[Feature] Qwen3 VL eagle3 support #251

dcw02 · 2025-10-10T19:14:28Z

Motivation

** Draft PR. This is currently WIP **

Add eagle3 support for qwen3_vl and qwen3_vl_moe models.

Modifications

Related Issues

Accuracy Test

Benchmark & Profiling

Checklist

Format your code according to the Code Formatting with Pre-Commit.
Add unit tests as outlined in the Running Unit Tests.
Update documentation / docstrings / example tutorials as needed, according to Writing Documentation.
Provide throughput / latency benchmark results and accuracy evaluation results as needed, according to Benchmark and Profiling and Accuracy Results.
For reviewers: If you haven't made any contributions to this PR and are only assisting with merging the main branch, please remove yourself as a co-author when merging the PR.
Please feel free to join our Slack channel at https://sgl-fru7574.slack.com/archives/C09784E3EN6 to discuss your PR.

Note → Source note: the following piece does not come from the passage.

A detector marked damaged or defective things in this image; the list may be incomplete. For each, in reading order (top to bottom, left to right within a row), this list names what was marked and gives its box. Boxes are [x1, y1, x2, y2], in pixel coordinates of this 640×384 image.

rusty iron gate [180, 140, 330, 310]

dcw02 · 2025-10-13T16:53:55Z

Training finishes for tp size 1 and both sdpa/flex attention backends. Loss/acc curves look ok, going to add qwen3_vl_moe eagle3 support into sglang/vllm (so I can eval) before adding tp size > 1 support.

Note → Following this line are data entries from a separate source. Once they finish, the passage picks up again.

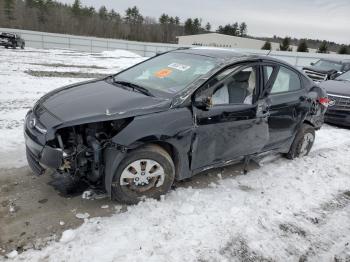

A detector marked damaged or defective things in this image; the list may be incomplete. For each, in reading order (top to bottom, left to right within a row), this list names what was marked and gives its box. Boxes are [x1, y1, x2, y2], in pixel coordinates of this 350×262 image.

shattered windshield [114, 52, 216, 94]
damaged black sedan [24, 48, 328, 204]
bent door [191, 63, 268, 170]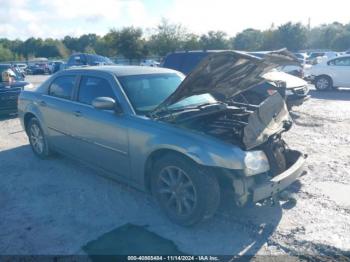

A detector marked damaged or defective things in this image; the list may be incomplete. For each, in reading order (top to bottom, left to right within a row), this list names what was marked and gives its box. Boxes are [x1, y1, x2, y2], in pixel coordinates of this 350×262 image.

damaged vehicle [17, 50, 306, 225]
crumpled bumper [252, 149, 306, 203]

dcw02 · 2025-10-31T00:47:32Z

Marking this ready for review, adds qwen3_vl and qwen3_vl_moe EAGLE3 draft training support for tp size 1. SGLang support is being worked on/cleaned up.

Training graphs:

kevin19891229 · 2025-11-10T02:44:15Z

When will verification be supported?

dcw02 · 2025-11-10T02:49:08Z

When will verification be supported?

There's a branch of sglang here that you can run. It's currently being cleaned up for upstreaming. We were able to confirm an accept length of almost 5 for a spec config of 4, 6, 24 for one of our tasks for qwen3-vl-8b.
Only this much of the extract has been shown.